In favour of a balanced assessment of the new 2014-2020 financial framework

Was the European Council a failure? It has to be recognised - the reactions to last week's summit have on the whole been negative. According to the European Parliament and a large number of commentaries, national selfishness probably won the day over the European interest. The explanations and reasons given by the heads of state and government were not convincing. Nonetheless, they achieved their objective - the 2014-2020 financial framework now exists and the European Parliament still has the power to reject it. Each has his responsibilities.

As far as I know, EUROPE remains alone - or nearly alone - in making accessible to its readers not only the disappointment and criticism, but also the explanations of the summit's key players.

The title across the whole of the front page of the most widely read Belgian daily in Brussels (the headquarters of the EU, where the summit took place) is significant: “Austerity has won, Europe has lost”. This is one example of a tone that is indeed not positive for the image of the EU - an image that is currently having a tough ride.

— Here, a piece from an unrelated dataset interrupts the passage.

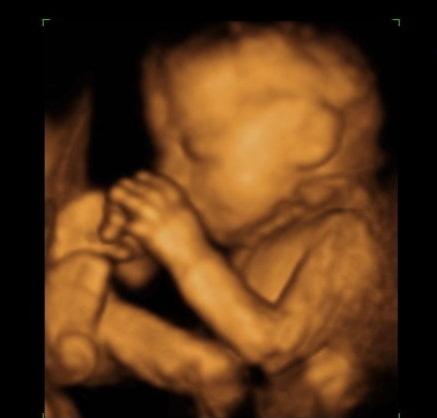 孕妈做四维彩超时，胎儿捂着脸不让看，孕妈早了解原因，少担心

It is so easy to criticise it and to attribute the responsibility for national difficulties to it!

When presenting the final compromise of the European summit he had chaired, Herman Van Rompuy invited MEPs to think about the millions of people who are waiting for the support and funding that was decided on - the unemployed, young people, regions in financial difficulty. Was it possible to set a more generous European financial framework? No - it was the maximum possible because unanimity was needed. Yet the reactions were largely negative, and even the legitimacy of the European Council has been called into question.

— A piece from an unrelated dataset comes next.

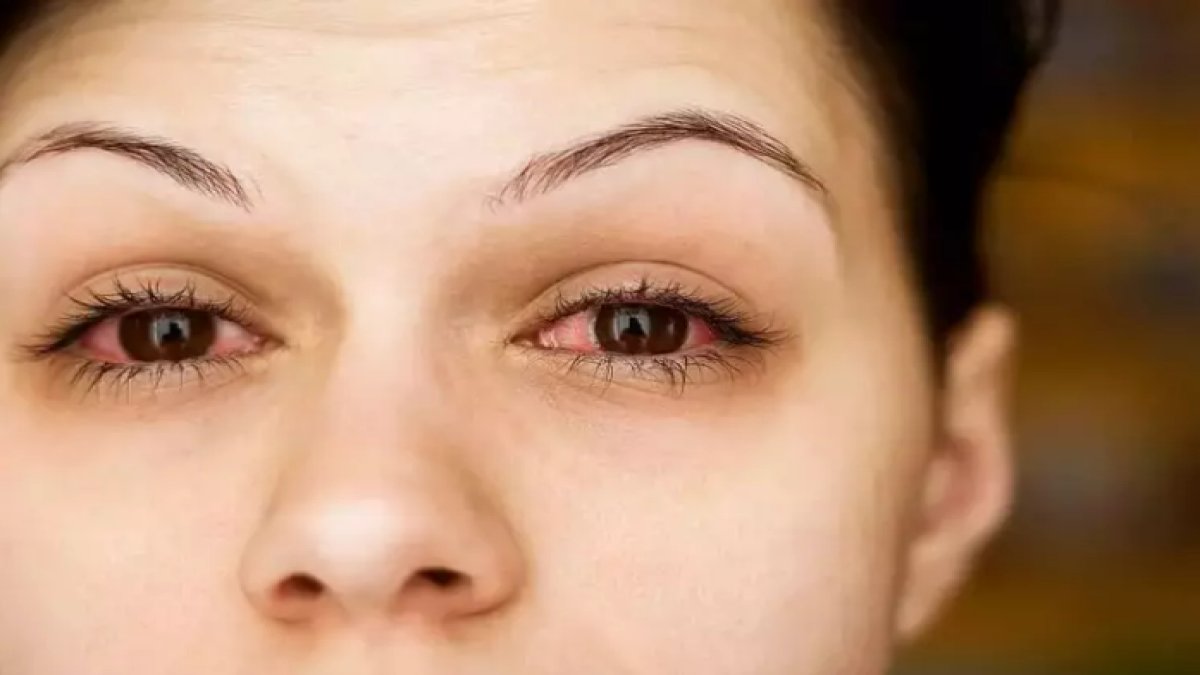 Göz Enfeksiyonuna Ne İyi Gelir?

In search of objectivity. The heads of state and government - elected by the people - have as much democratic legitimacy as the European Parliament, and several of them are faced with national budgetary deficits that imposes economic austerity on them (those who don't like this term have replaced it with another). Gradually reducing national deficits is not a choice - it's a necessity. In the long term, debt costs too much and it limits - indeed even removes - a country's ability to act. This is not a question of political orientation. France is Socialist but determined to radically reduce debt because maintaining it benefits the world of finance to the detriment of citizens and future generations, and maintaining debt also prevents recovery. Saying no to debt reduction means making one's country dependent on creditors and being subjected to astronomical interest that help only speculators and banks. A country that is too much in debt ends up losing its autonomy and even its national character.

Rubbishing the European Council's results out of principle is going too far, unfair and damaging to the image of Europe, when we now have the seven-year financial framework that opens up all sorts of positive perspectives for Community activity and consolidation of the common policies.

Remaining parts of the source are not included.